THIS WEEK: Holding #1 Gold (GLD) since 8/28/25 @313.07 via buy-stop after switching out of #2 EFA.
The strong demand for gold on the rumor of a Fed rate cut over the past two weeks continues. The expected dip after Wednesday's FOMC decision was not sufficient to alleviate GLD's overbought condition. Gold and all equities are more attractive than cash. Only very long bonds (EDV) are not. Among equities foreign are more attractive than US, and among foreign equities, emerging markets are currently more attractive than developed.
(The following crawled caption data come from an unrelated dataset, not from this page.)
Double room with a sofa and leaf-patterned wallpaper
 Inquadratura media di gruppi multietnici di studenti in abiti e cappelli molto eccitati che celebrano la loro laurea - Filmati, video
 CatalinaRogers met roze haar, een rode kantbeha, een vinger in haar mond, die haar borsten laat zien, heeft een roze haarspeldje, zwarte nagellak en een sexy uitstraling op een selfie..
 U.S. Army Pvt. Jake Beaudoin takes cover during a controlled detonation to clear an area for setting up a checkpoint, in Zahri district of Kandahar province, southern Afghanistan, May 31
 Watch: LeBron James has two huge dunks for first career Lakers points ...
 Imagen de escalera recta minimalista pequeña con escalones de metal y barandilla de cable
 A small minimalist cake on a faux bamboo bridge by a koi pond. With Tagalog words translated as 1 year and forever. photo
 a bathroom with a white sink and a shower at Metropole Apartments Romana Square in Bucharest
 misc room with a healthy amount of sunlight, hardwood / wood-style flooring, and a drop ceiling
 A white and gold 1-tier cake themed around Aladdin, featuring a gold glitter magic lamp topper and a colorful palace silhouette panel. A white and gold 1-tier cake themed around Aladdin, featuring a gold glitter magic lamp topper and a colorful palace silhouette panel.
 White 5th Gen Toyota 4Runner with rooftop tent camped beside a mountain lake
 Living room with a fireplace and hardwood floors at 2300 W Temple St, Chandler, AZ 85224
THIS YEAR: Strong gold and weak US stocks put the Index model into gold from January through April helping us to avoid the March-April V-bottom in equities caused by the tariff announcement. Exiting gold, which had flattened by mid-May, for International stocks set up a period of vacillation between gold and international stocks that ended with a switch to gold in late August, ahead of the first Fed rate cut expected 9/18. With rate cuts, trillions in US federal deficit spending, and US tariffs continuing through September, foreign equities and hard assets appear to have the best future prospects.
PERFORMANCE YEAR-TO-DATE:
INDEX MOOSE 52.3%
AOA (Aggressive Growth) 14.8%
SPY BENCHMARK 13.2%
AOM (Moderate Growth) 9.6%
THE FREE GLOBAL INDEX MODEL has been around for 30-years. It is a momentum-based market timing model the latest version of which compares the relative strength of ETFs representing US stocks (SPY, IWM) and international stocks (EFA, EEM)) along with US Treasuries (SHY, EDV) and Gold (GLD) in order to pick the single best asset in which to invest your money. Rankings provide the basis for the Moosecalls global financial newsletter, and have in the past been a solid predictive tool. A daily signal, it is provided here for free once a week as a guideline only.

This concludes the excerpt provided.